Michael Moriarty + The New-York Ghost + Alan Licht + Loren Mazzacane Connors + Vashti Bunyan
Q: The Winged Serpent (1982) gives us the pre-digital Manhattan of pay phones and wall clocks. Director Larry Cohen gives us pre-workout masters like Michael Moriarty and Candy Clark. Moriarty improvises a whole scene of piano playing, singing and scatting. David Carradine provides the antiphony of deadpan.
Moriarty is interrupted by a song on the jukebox called “Let’s Fall Apart Together Tonight,” credited to Andy Goldmark and Janelle Webb Cohen (one of Larry Cohen’s daughters). As far as I know, this Little Feat soundalike exists only in this clip.
There is a God serpent named Quetzlcoatl and some fine undercover work. Look—this clown can’t be a cop, can he?
Before the age of flickering and twinning, physical space didn’t have an antecedent stripe, that filament of anxiety running through the weave of the day. You couldn’t worry about what might be happening elsewhere. There was no elsewhere. Your brown room was your brown room. If you wanted to sketch the perp, and maybe the perp is a flying lizard, maybe you had to use a legal pad and a felt-tip.
For the poster, you had to go with Boris Vallejo.

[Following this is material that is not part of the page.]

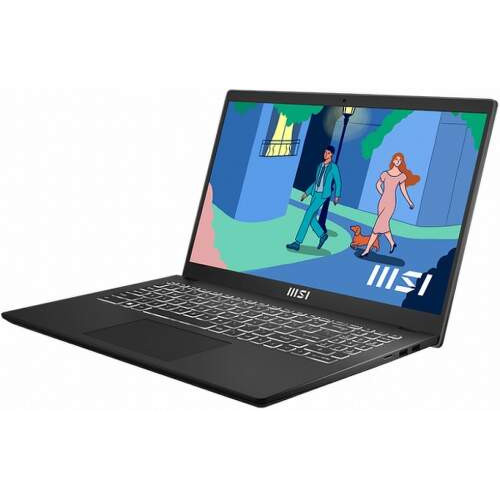 Ноутбук MSI Modern 15 (B12M-074XCZ)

And when there was a god-bird-reptile to render, you had to go stop-action with Randall William Cook and David Allen, two of the best since Harryhausen. B movies are rarely B across the cast. Some virtuoso is always in there.
This bootleg version of the whole film is on YouTube for free, though I watched a paid stream. Needed that grain!
Bandcamp sent me ten billion emails on Friday and I spent what I could afford to spend. Hoffman Estates was created in 1999 by Alan Licht and Loren Mazzacane Connors in collaboration with Jim O’Rourke and a crack band of Chicago players. It is no joke. It has that In A Silent Way box out, good endorphin sprawl, actual horns, the ring of a properly-sized bucket. It’s the empty city in seven chapters. And speaking of O’Rourke, this massive new interview with him in Tone Glow is a delight. Probably the best single piece I’ve seen yet on O’Rourke.
If you do buy the Calvinist EP, note that it’s been properly mastered by Stephan Mathieu of Schwebung. If you bought it before, just download it again. If you don’t need files, it’s there on Spotify, where they’ve also properly tagged the Pylon cover from 2011.
More good news! Ed Park’s 21st century blogazine, The New-York Ghost, is back. Do you need an intro? Try this issue from February, 2008, with my diary of a stunt mustache. You know it’s blog time. You can no longer front.